The Prince and the Safecracker – The Weird Side of the Internet

By on September 5, 2025

The Prince and the Safecracker – The Weird Side of the Internet – by Liam Sweeny.

I wasn’t a big Prince fan when I was growing up. It wasn’t his music, I just thought he was another over-the-top rocker. That was before I had occasion to consider his music apart from his persona. This was when I heard the “My Guitar Gently Weeps” jam with Tom Petty, Jeff Lynne, Steve Winwood, and Dhani Harrison. Prince, snubbed at the Rolling Stone’s “Top 100 Greatest Guitar Players” list, absolutely burned his guitar lead to show the rock illuminati that the Rolling Stone had made a mistake, and it was glorious.

So Prince died, of course, but he was such a prolific songwriter that he had 8,000 unreleased songs in a Mosler American Century safe, six foot and a half, 6,000 pounds.
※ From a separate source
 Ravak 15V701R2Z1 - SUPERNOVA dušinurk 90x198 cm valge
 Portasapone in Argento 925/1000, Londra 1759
And long before he passed, he had forgotten the combo. So right as soon as he died, the family hired a “safecracker” to get in.

The safe was daunting, but the safecracker had cracked it to the family’s applause. Which might have been the first time a safecracker got an applause for breaking into someone’s valuables.

I think that the real takeaway here is that Prince had 8,000 unreleased songs. Where are they? I don’t mean the trickle, I mean the flood. Lets say you can get away with ten songs in an LP, one LP a year. So we should be in Prince for like 800 years.

How in the hell did he manage to write that much?

I don’t think the Grateful Dead wrote that many songs; well, probably. But this Prince collection could be the new “All I Want for Christmas.” A new Prince album that comes out the day after Halloween.

So let us beg and let us plead to the estate of the august performer Prince to become the October performer Prince and lay out the songs for the seasons. Are you with me, fellow music heads and musicologists.